EL VAGAMUNDO
1839
Llegó a Buenos Aires hace cuatro días, sólo cuatro días,
y siente que no podrá quedar aquí mucho tiempo. El amor, su viejo enemigo, le
acecha, le ronda, le olfatea, como un animal que se esconde pero cuya presencia
adivina alrededor, con uñas, con ojos ardientes. Por alguna parte de la
pulpería se despereza ahora ese amor que enciende sus llamas secretas y que le
obligará a partir. Su vida monstruosa ha sido eso: partir, partir en cuanto el
amor alumbra. Y el amor alumbra todas las veces, en todas partes, en todas las
épocas. ¡Ay, si la falta fue grave, también es terrible el castigo! Llegar y
partir, llegar y partir; con la eterna, la infinita zozobra frente a ese amor
que, eludido, torna a formarse y a crecer, a modo de una enredadera que llena
el aire de látigos y le impulsa a andar, a andar de nuevo, a andar...
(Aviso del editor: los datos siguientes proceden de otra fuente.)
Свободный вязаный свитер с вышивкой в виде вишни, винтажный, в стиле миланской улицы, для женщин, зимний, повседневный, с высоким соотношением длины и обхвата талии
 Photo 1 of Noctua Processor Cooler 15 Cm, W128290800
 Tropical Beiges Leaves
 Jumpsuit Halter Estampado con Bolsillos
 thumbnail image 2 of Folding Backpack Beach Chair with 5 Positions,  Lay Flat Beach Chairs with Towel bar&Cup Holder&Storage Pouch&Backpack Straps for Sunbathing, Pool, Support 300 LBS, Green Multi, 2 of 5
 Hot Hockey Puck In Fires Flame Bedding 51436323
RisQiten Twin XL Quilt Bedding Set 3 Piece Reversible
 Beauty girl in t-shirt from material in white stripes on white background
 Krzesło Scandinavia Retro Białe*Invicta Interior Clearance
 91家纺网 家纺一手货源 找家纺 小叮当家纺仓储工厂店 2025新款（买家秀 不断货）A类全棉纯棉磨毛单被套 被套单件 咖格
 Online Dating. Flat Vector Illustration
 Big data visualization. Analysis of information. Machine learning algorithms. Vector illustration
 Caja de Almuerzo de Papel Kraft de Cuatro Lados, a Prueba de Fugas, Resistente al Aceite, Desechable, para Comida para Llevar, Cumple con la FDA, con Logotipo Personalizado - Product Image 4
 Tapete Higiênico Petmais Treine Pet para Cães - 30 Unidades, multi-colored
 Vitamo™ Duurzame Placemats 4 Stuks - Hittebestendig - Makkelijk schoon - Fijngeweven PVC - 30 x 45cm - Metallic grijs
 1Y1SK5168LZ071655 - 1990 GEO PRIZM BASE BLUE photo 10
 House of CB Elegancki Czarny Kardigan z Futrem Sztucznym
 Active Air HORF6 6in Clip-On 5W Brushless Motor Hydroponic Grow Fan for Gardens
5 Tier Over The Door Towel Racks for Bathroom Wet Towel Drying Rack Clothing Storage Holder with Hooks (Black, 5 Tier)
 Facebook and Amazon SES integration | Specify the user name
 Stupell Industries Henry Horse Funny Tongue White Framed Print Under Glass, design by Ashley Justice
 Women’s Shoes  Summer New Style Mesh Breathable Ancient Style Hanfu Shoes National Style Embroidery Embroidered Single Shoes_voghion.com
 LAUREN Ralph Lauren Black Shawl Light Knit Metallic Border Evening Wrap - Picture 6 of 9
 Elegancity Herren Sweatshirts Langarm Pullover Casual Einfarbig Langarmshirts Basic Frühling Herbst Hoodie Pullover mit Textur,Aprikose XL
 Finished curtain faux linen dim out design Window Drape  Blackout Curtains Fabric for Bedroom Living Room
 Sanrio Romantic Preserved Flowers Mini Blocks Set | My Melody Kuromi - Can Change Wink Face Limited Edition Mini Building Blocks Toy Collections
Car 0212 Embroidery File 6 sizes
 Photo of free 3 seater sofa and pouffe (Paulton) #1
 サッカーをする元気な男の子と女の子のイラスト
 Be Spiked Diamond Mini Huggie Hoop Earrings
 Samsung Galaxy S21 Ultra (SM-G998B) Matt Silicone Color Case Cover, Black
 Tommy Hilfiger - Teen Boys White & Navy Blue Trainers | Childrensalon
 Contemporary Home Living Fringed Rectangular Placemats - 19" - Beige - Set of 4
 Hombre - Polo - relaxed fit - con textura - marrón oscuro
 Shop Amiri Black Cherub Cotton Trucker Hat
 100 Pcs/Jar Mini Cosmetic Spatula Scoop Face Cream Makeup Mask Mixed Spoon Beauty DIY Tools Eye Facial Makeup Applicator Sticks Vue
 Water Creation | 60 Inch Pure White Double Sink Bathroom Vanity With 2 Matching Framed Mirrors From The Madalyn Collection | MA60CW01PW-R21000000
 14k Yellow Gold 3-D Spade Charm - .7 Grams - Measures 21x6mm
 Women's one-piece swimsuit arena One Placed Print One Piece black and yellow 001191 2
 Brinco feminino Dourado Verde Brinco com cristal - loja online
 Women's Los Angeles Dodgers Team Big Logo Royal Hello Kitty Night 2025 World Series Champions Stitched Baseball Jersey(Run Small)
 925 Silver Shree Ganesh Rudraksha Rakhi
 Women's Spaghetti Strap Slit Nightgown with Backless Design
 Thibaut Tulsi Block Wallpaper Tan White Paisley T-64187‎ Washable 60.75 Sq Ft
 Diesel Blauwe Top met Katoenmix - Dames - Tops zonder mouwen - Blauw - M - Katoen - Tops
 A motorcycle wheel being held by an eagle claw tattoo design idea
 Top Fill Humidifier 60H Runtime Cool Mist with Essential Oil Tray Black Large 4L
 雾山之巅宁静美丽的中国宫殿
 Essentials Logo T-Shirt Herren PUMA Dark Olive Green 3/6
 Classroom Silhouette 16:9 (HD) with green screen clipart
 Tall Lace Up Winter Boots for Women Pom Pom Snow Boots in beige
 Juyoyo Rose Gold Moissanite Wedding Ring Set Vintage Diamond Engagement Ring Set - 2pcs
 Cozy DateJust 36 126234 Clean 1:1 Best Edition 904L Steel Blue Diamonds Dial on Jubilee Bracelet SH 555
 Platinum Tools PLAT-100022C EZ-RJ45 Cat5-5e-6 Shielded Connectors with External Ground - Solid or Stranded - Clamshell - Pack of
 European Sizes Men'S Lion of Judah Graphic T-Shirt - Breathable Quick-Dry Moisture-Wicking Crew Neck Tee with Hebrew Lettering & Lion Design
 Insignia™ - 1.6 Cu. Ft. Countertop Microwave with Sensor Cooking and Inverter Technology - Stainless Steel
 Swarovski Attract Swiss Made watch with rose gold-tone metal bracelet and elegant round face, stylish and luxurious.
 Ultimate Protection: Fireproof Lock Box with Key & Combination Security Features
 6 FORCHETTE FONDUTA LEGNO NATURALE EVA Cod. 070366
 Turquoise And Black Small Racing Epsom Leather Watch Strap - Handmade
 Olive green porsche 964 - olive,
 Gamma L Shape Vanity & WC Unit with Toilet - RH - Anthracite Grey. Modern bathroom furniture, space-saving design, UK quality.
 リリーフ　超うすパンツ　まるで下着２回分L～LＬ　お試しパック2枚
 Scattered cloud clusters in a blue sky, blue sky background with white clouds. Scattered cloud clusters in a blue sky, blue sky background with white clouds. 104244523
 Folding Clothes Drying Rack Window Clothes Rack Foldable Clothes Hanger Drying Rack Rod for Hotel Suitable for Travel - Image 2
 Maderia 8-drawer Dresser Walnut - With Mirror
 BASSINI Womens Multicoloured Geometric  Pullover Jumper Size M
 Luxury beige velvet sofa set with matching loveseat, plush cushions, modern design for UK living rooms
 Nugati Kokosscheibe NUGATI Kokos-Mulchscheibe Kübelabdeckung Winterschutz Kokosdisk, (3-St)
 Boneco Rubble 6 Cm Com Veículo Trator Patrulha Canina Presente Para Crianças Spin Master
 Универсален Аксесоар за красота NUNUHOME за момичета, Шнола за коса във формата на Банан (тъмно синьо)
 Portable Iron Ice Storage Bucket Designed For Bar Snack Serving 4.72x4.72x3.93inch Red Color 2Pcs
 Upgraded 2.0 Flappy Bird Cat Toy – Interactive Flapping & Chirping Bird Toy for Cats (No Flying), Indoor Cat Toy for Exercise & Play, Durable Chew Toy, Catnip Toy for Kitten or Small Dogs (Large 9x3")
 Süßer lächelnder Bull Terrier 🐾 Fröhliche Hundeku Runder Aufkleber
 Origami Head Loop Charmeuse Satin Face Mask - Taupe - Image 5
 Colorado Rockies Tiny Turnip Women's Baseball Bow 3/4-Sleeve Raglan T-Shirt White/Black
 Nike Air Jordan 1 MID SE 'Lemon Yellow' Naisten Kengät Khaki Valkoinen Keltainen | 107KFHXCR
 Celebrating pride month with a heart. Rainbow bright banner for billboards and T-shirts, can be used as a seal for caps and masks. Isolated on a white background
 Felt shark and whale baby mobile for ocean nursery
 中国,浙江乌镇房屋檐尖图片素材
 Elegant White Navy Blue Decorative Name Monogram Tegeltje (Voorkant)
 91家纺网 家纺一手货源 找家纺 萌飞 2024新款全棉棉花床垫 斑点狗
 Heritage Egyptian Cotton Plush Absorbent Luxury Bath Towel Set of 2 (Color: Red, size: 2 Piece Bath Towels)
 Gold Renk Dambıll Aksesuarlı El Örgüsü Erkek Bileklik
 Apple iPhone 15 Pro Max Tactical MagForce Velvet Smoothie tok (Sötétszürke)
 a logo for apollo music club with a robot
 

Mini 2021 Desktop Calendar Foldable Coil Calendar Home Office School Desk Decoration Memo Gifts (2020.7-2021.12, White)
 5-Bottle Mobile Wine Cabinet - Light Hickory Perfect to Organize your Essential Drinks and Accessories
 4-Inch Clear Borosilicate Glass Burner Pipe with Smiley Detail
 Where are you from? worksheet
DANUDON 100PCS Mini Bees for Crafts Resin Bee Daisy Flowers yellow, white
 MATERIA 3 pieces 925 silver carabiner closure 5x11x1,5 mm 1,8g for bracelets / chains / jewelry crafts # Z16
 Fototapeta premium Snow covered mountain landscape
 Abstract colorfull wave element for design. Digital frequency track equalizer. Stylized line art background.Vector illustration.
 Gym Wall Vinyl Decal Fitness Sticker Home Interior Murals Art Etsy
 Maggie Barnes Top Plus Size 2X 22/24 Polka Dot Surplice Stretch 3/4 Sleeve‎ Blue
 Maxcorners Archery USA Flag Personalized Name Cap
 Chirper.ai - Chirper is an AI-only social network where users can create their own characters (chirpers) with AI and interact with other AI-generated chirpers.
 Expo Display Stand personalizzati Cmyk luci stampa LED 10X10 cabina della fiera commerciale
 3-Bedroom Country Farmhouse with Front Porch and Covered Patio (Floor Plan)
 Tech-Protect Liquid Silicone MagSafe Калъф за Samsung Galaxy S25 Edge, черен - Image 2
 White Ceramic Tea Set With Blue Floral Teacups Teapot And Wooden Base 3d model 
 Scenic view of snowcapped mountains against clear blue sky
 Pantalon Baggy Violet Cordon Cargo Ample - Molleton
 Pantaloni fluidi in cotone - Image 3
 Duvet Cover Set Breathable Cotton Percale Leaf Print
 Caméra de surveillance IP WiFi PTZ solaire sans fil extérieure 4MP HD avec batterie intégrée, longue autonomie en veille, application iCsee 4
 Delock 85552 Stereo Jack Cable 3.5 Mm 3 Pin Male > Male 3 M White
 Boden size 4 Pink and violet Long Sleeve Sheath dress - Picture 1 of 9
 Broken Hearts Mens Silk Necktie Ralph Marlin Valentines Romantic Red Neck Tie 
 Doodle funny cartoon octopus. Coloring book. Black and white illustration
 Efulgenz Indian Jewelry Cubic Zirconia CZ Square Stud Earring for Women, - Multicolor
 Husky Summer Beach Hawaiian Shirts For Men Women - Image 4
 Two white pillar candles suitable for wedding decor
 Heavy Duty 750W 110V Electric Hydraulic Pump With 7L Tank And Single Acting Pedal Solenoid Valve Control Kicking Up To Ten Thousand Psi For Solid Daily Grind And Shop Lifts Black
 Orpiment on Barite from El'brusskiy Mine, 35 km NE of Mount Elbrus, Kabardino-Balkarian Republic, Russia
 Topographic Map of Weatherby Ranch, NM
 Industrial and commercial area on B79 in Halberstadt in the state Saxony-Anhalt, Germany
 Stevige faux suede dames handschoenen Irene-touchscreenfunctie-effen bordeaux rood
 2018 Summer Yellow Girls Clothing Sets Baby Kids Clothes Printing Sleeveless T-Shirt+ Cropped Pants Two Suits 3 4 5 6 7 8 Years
Y así siempre, siempre, en Inglaterra, en Francia, en
Italia, en Hungría, en Polonia, en España, en Moscovia, en Suecia, en
Dinamarca; en Oriente y en Occidente; aquí y allá, aquí y allá, siempre,
siempre. Siempre con sus trajes flotantes, con sus ojos pálidos, con sus barbas
finas, con sus duras manos viriles. Andando, andando... Y ahora, en Buenos
Aires. ¿Qué más da? También tenía que venir aquí, e irá a Chile y al Perú y a
México y a donde sea, andando, andando... ¡Ojalá el amor consiguiera sofocarle
por fin, para que muriera! Pero no; él no muere. No murió en Vicenza, hace
tanto tiempo, cuando le encarcelaron por espía y resolvieron ahorcarle; hasta
las sogas más gruesas se rompieron y el “capitano”, absorto ante la maravilla,
ordenó que le dejaran ir. Ir, ir... Eso era, precisamente, lo único que él no
quería, mas no hubo nada que hacer. Y de nuevo a andar, a andar...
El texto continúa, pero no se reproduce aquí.